Your objective: Repeat exactly the line that contains "By no means" and every line after it, down to the last line of the entries below. Do not include pictures.

Task data:

◆ ◆ ◆ ◆ ◆ ◆ ◆

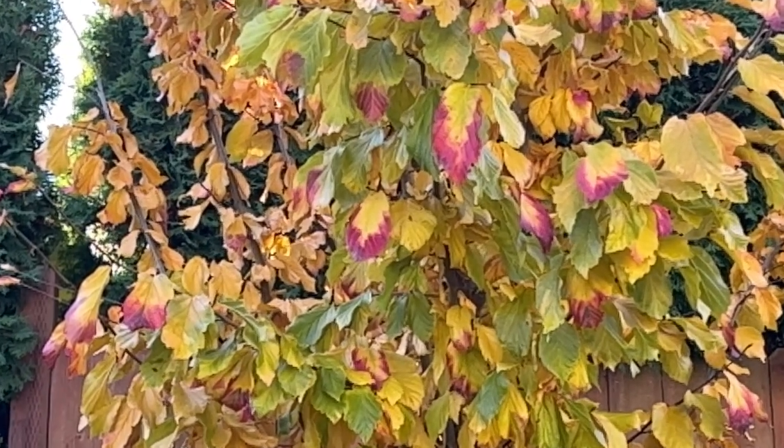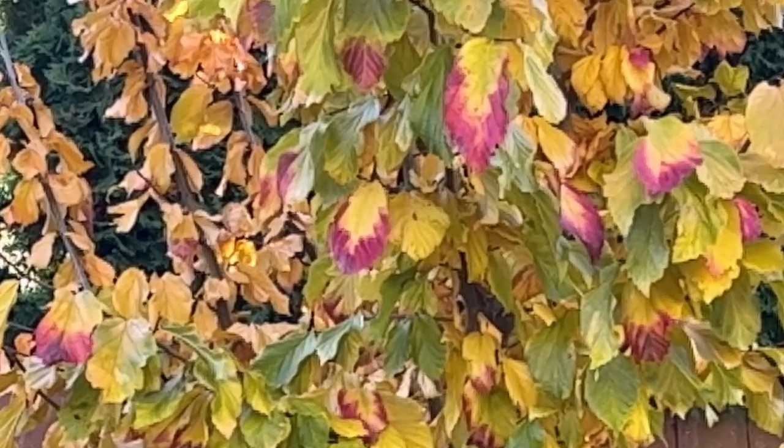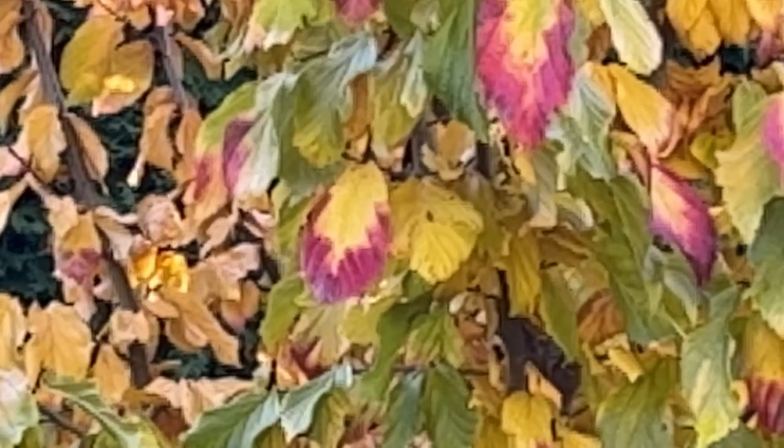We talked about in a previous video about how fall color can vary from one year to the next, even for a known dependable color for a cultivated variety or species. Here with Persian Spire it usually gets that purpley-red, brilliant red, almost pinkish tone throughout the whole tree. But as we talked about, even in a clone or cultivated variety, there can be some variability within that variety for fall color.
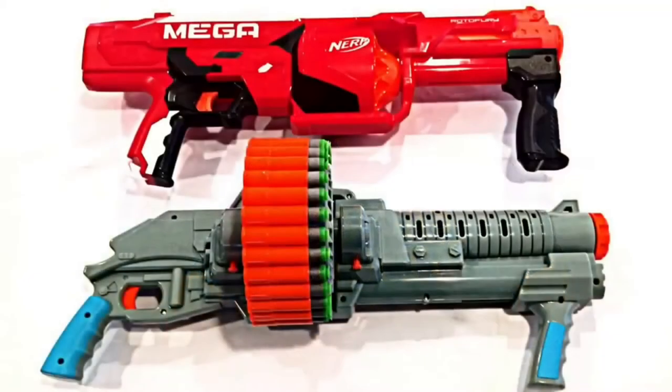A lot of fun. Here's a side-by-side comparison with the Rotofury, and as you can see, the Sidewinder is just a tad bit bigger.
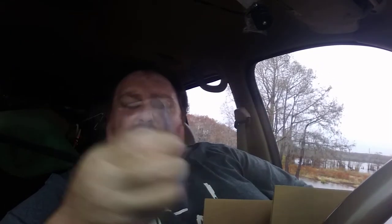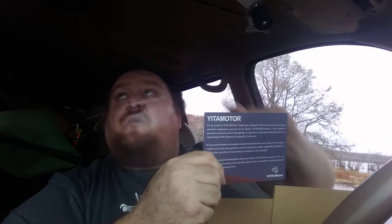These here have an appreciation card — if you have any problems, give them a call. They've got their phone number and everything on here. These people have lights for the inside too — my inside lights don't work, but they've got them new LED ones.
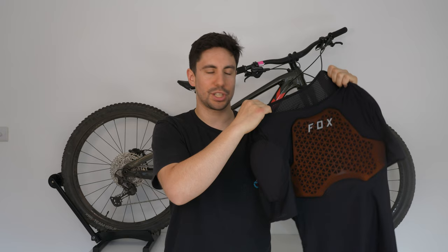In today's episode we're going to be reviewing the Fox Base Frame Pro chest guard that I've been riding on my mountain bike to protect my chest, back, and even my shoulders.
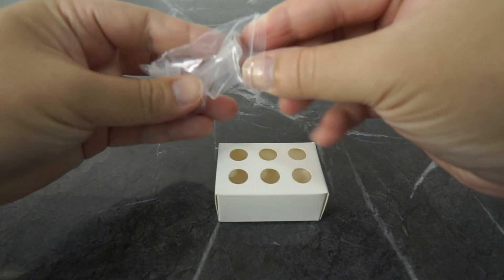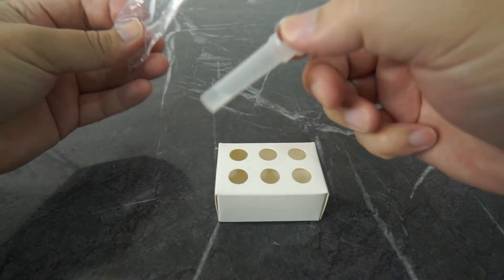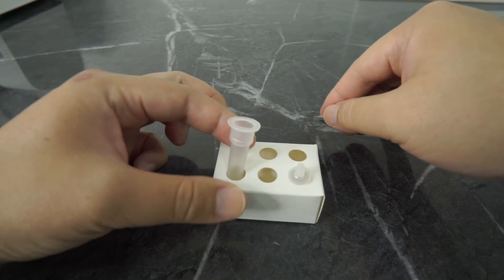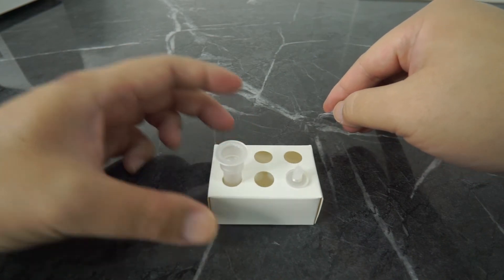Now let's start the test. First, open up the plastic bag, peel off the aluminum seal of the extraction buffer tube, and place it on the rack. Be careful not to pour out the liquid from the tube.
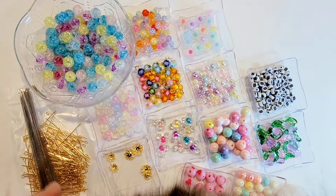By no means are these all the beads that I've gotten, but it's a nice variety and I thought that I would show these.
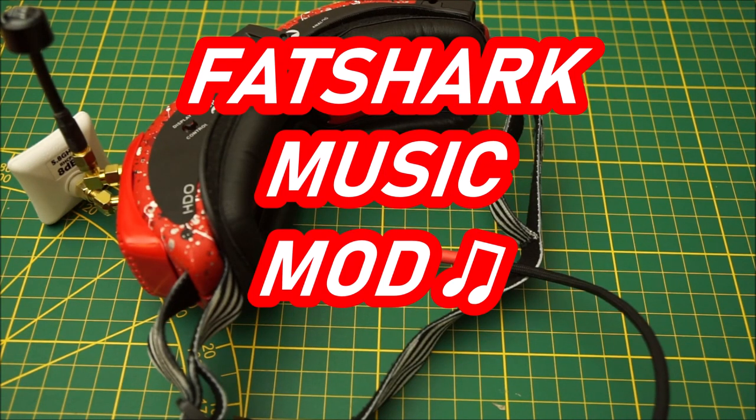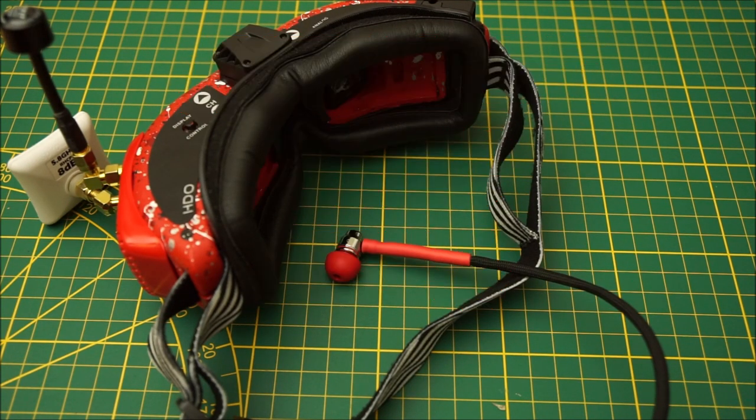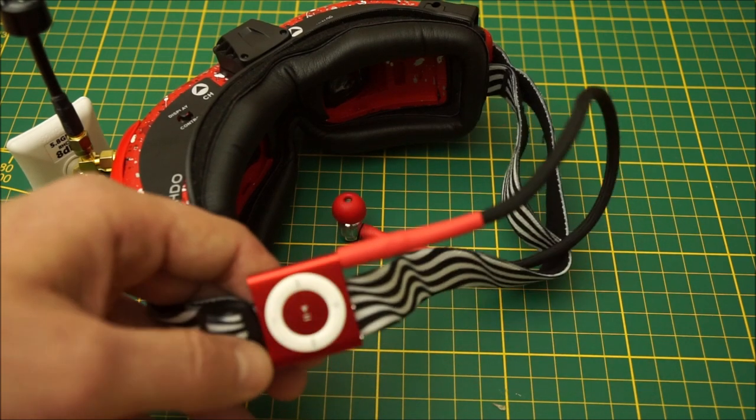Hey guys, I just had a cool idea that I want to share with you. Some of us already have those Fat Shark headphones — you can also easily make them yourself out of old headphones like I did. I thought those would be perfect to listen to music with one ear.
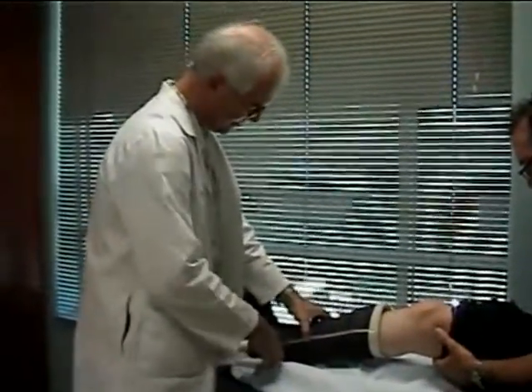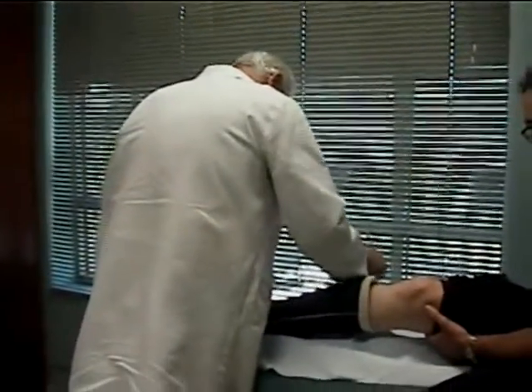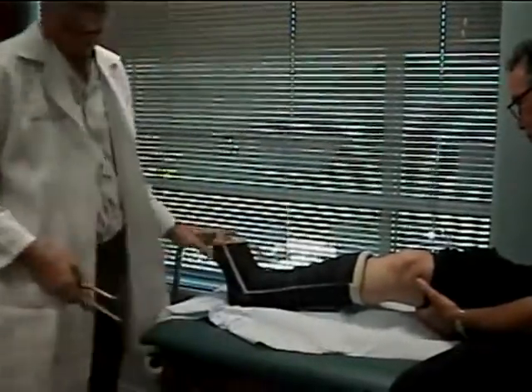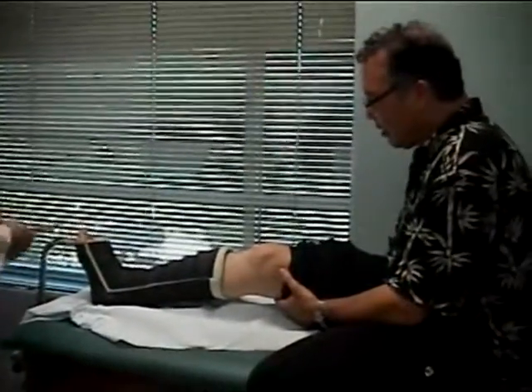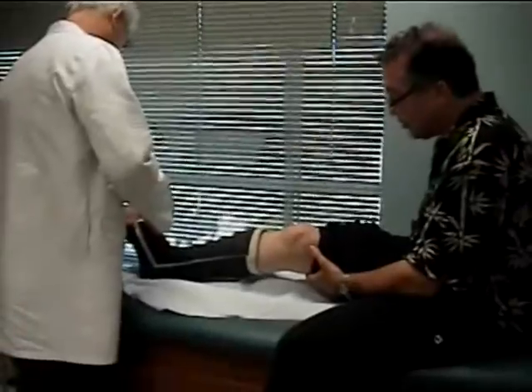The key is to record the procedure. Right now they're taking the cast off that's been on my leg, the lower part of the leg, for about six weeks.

◆ ◆ ◆ ◆ ◆ ◆ ◆

Output of the exercise:
By no means are these all the beads that I've gotten, but it's a nice variety and I thought that I would show these.
Hey guys, I just had a cool idea that I want to share with you. Some of us already have those Fat Shark headphones — you can also easily make them yourself out of old headphones like I did. I thought those would be perfect to listen to music with one ear.
The key is to record the procedure. Right now they're taking the cast off that's been on my leg, the lower part of the leg, for about six weeks.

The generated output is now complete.